■ DATASET CONTENT:
━━━━━━━━
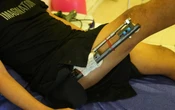 Allongement des jambes en Turquie : notre reporter raconte cette tendance risquée
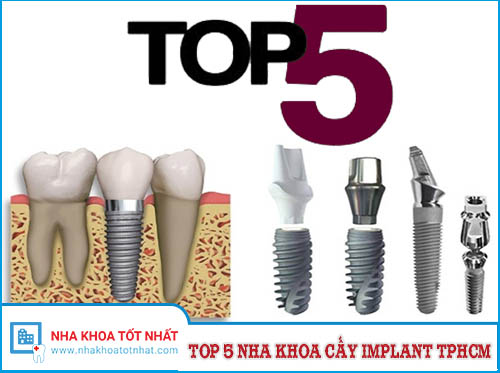 [REVIEW] Top 5 Nha Khoa Cấy Implant Tại TPHCM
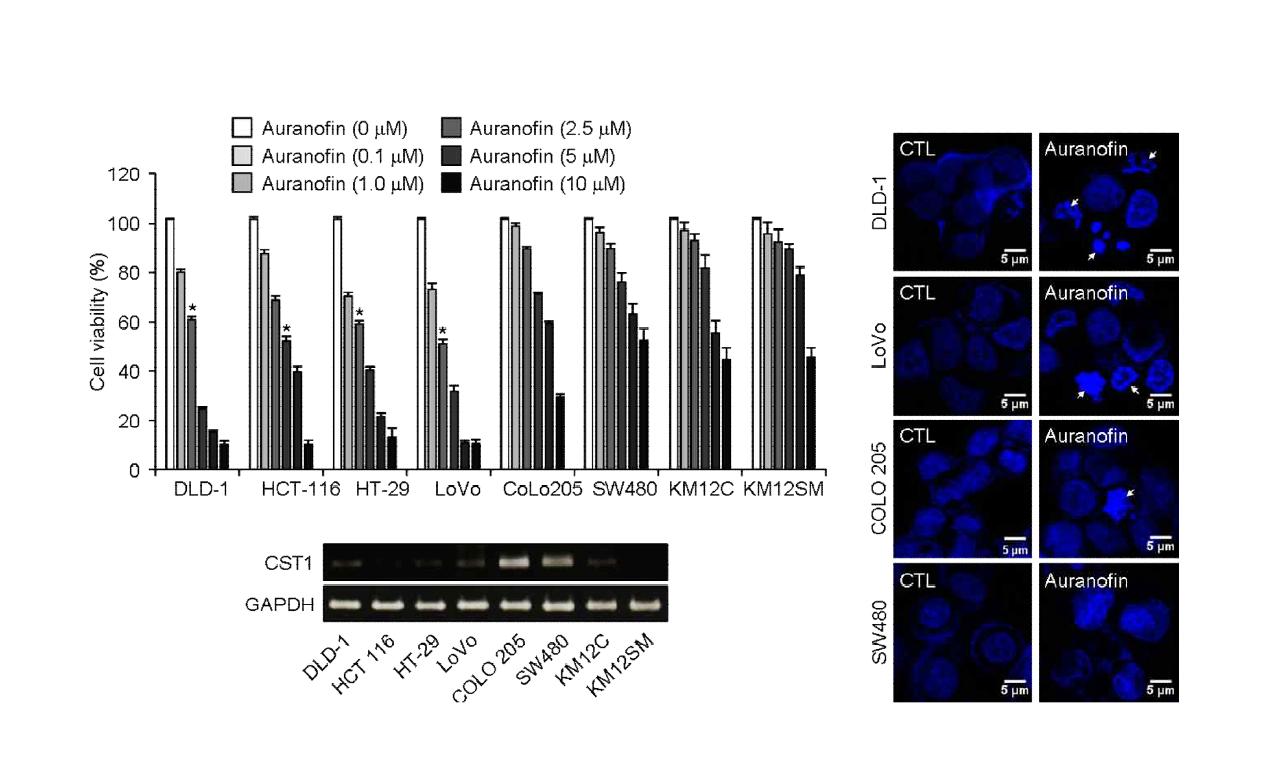 대장암 세포에서 Auranofin에 의한 세포사멸 민감도와 CST1의 발현 패턴 분석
━━━━━━━━
■ EXERCISE BRIEF: Your copy of the material above should be exact and free of pictures.

■ RESULT FOR THIS TASK:
 Allongement des jambes en Turquie : notre reporter raconte cette tendance risquée
 [REVIEW] Top 5 Nha Khoa Cấy Implant Tại TPHCM
 대장암 세포에서 Auranofin에 의한 세포사멸 민감도와 CST1의 발현 패턴 분석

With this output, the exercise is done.